Database

Operational reference for the Hackorda QA Postgres database: connection topology, backup policy, restore drills, and the cutover from the self-managed droplet DB to managed Postgres.

Audience: ops / on-call. This describes a target managed-Postgres setup. Provisioning the managed instance and configuring backups are human ops tasks — see Human ops actions.

1. Connection topology

The app connects through a single pg.Pool built in src/db/index.ts and wrapped by Drizzle.

Next.js app (Node)
      │
      │  pg.Pool  (max=DB_POOL_MAX, idle 30s, connect 10s,
      │            per-session statement_timeout)
      ▼
 Postgres primary   ← DATABASE_URL

Primary — all reads and writes go to the primary today. There is one writable endpoint.
Read replica (future) — managed providers offer read replicas for offloading heavy read traffic (reports, exports). The env var DATABASE_URL_REPLICA is reserved for this. It is not yet wired into src/db/index.ts; adding a replica is a future PR, not part of the cutover. Until then, leave it unset.
Pooling — the app keeps connection count bounded via DB_POOL_MAX. If connection pressure grows, front the database with the provider's built-in connection pooler (e.g. DigitalOcean / PgBouncer) rather than raising the app pool — point DATABASE_URL at the pooler endpoint.

SSL behaviour

src/db/index.ts resolves SSL without needing a code change at cutover:

Condition	Result
`DB_CA_CERT` set	`ssl: { ca, rejectUnauthorized: true }` (verified against the bundle)
`DB_SSL_MODE=verify` / `require`	`ssl: { rejectUnauthorized: true }`
`DB_SSL_MODE=no-verify` / `allow`	`ssl: { rejectUnauthorized: false }`
`DB_SSL_MODE=disable`	no SSL
nothing set, `NODE_ENV=production`	`ssl: { rejectUnauthorized: true }` (safe default)
nothing set, non-production	no SSL (local Postgres)

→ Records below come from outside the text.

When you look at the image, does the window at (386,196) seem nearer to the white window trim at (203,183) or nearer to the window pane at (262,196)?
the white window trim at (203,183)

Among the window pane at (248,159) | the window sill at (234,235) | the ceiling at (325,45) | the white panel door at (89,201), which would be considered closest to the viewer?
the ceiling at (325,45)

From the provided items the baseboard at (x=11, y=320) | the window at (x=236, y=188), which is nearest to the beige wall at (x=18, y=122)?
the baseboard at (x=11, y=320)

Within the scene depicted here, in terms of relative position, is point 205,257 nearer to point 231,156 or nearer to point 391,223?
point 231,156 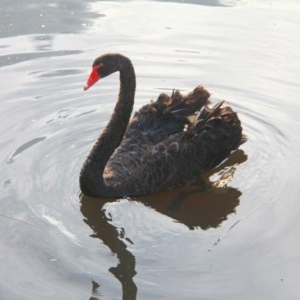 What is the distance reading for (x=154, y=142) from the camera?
4855 millimetres

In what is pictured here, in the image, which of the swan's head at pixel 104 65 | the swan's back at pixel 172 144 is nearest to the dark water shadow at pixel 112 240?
the swan's back at pixel 172 144

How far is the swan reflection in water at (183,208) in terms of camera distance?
164 inches

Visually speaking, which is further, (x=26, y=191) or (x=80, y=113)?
(x=80, y=113)

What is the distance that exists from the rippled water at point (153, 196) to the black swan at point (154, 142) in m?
0.13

Preferred for managed Postgres: provide DB_CA_CERT (the provider's CA bundle). If the provider does not issue a downloadable CA bundle, set DB_SSL_MODE=verify and rely on the OS trust store (the Docker entrypoint already exports NODE_EXTRA_CA_CERTS when DB_CA_CERT is present). Use no-verify only as a last resort.

2. Backup policy

The self-managed droplet DB has no automated backups and no verified restore path. The managed target must close that gap:

Automated daily backups — enable the provider's daily backup. Retain at least 7 days.
Point-in-time recovery (PITR) — enable PITR / continuous WAL archiving so the database can be restored to any moment within the retention window (typically the last 7 days). This bounds worst-case data loss to minutes, not a full day.
Off-box copy — managed backups live with the provider. For a defence-in-depth copy, schedule a periodic pg_dump to object storage (separate from the provider account). Weekly is sufficient given PITR.
Verification — backups are only real once a restore has succeeded. Run the restore drill below at least quarterly and after any major schema change.

3. Restore drill

A rehearsal that proves the backup is restorable without touching production. Restore into a scratch database, migrate it, and smoke-check row counts. Run quarterly.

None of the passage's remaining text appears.